■ **Dataset records**
━━━━━━━━
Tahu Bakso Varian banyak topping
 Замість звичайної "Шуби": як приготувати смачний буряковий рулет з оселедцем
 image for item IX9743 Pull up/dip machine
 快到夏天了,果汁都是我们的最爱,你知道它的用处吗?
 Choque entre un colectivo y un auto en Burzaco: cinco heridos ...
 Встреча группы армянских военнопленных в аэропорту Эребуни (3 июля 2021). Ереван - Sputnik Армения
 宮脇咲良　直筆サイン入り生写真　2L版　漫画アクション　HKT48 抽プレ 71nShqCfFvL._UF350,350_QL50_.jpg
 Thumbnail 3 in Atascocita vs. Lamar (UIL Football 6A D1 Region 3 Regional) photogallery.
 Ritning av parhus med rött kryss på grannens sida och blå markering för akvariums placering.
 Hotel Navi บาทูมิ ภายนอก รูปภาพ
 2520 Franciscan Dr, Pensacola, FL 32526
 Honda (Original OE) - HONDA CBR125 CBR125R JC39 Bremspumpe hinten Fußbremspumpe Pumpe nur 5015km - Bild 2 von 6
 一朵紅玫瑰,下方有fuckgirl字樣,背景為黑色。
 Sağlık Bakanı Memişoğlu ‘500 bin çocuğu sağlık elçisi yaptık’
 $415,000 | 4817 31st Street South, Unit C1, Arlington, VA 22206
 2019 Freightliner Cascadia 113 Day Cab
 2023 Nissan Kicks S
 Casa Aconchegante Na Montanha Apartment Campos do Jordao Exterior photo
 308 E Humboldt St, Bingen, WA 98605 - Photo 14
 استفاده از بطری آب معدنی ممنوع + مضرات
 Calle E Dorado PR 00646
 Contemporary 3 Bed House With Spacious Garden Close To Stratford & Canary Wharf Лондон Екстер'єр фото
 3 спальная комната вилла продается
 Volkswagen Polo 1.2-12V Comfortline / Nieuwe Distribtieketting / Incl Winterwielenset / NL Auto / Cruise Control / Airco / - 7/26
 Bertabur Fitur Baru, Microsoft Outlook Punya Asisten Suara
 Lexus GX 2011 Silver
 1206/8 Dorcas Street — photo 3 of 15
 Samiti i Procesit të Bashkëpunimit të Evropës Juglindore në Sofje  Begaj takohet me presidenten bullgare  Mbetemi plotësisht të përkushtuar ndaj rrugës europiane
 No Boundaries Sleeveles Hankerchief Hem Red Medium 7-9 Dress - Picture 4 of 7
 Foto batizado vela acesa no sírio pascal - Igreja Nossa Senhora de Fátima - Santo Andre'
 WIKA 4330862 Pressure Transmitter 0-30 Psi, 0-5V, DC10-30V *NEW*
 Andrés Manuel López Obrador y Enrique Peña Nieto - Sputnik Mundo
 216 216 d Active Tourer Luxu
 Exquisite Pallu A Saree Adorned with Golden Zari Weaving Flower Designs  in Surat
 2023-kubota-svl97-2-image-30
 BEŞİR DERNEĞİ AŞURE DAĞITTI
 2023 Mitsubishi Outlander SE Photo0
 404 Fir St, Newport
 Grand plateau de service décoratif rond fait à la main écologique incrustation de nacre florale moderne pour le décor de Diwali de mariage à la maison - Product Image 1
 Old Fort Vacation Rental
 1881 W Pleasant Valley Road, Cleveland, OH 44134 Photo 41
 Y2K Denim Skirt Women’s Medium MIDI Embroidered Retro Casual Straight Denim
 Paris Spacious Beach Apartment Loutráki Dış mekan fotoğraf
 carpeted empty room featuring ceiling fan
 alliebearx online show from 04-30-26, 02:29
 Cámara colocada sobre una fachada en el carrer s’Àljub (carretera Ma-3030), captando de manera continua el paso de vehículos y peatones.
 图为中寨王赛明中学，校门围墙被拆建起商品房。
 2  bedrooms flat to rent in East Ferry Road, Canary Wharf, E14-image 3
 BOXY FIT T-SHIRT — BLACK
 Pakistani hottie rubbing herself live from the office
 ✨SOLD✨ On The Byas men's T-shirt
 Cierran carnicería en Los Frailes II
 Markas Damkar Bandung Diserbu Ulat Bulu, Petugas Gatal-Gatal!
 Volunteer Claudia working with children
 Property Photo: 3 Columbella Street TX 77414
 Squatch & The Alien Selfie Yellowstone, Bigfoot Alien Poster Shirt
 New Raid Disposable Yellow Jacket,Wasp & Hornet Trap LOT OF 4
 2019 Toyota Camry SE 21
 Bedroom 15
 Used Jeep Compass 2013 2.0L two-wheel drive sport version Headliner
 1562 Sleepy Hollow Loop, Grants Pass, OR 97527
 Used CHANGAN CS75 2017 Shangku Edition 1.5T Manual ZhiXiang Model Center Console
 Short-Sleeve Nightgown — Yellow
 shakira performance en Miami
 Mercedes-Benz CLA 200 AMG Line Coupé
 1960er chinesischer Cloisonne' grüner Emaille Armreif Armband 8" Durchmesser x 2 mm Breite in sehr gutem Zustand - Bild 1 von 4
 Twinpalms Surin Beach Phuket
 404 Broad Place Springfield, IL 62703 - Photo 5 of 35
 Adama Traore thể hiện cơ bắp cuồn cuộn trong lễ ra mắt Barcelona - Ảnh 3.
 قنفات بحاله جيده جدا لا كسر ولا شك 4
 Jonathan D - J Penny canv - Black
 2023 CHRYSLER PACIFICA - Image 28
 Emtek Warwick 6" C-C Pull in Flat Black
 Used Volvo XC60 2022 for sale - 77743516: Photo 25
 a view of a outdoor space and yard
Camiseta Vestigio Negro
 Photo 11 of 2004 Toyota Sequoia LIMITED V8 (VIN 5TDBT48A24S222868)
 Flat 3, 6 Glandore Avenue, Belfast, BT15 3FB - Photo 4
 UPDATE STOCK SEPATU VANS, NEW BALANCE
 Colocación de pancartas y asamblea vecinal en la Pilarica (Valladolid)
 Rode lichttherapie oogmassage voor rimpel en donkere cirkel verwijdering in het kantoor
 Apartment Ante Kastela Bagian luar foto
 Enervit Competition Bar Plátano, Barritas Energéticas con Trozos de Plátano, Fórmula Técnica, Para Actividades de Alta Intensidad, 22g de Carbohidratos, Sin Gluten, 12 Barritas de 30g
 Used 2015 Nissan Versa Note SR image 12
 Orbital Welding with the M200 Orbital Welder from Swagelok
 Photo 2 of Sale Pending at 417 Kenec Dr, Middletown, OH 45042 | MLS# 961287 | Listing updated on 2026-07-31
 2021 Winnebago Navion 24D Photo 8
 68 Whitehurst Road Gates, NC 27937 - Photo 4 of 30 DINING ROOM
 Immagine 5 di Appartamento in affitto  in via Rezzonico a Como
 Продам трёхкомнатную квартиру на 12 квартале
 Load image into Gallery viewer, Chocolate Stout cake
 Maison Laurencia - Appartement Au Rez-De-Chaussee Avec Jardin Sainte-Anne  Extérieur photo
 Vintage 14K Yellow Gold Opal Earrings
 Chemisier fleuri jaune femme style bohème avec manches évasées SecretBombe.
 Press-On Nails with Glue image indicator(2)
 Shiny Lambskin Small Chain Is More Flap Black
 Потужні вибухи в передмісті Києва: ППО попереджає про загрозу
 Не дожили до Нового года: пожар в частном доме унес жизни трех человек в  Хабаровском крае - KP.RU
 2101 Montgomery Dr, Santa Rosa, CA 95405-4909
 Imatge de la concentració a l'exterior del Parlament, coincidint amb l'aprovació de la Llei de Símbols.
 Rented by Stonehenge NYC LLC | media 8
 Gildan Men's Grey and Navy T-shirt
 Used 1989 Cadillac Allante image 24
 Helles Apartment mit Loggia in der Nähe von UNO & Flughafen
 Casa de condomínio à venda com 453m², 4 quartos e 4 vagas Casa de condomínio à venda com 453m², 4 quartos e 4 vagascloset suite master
━━━━━━━━
■ **REQUIRED WORK**
All lines above between those holding "Contemporary 3 Bed" and "WIKA 4330862 Pressure", inclusive, must be set down unchanged, and no other line may be included.

■ **SOLUTION BELOW**
 Contemporary 3 Bed House With Spacious Garden Close To Stratford & Canary Wharf Лондон Екстер'єр фото
 3 спальная комната вилла продается
 Volkswagen Polo 1.2-12V Comfortline / Nieuwe Distribtieketting / Incl Winterwielenset / NL Auto / Cruise Control / Airco / - 7/26
 Bertabur Fitur Baru, Microsoft Outlook Punya Asisten Suara
 Lexus GX 2011 Silver
 1206/8 Dorcas Street — photo 3 of 15
 Samiti i Procesit të Bashkëpunimit të Evropës Juglindore në Sofje  Begaj takohet me presidenten bullgare  Mbetemi plotësisht të përkushtuar ndaj rrugës europiane
 No Boundaries Sleeveles Hankerchief Hem Red Medium 7-9 Dress - Picture 4 of 7
 Foto batizado vela acesa no sírio pascal - Igreja Nossa Senhora de Fátima - Santo Andre'
 WIKA 4330862 Pressure Transmitter 0-30 Psi, 0-5V, DC10-30V *NEW*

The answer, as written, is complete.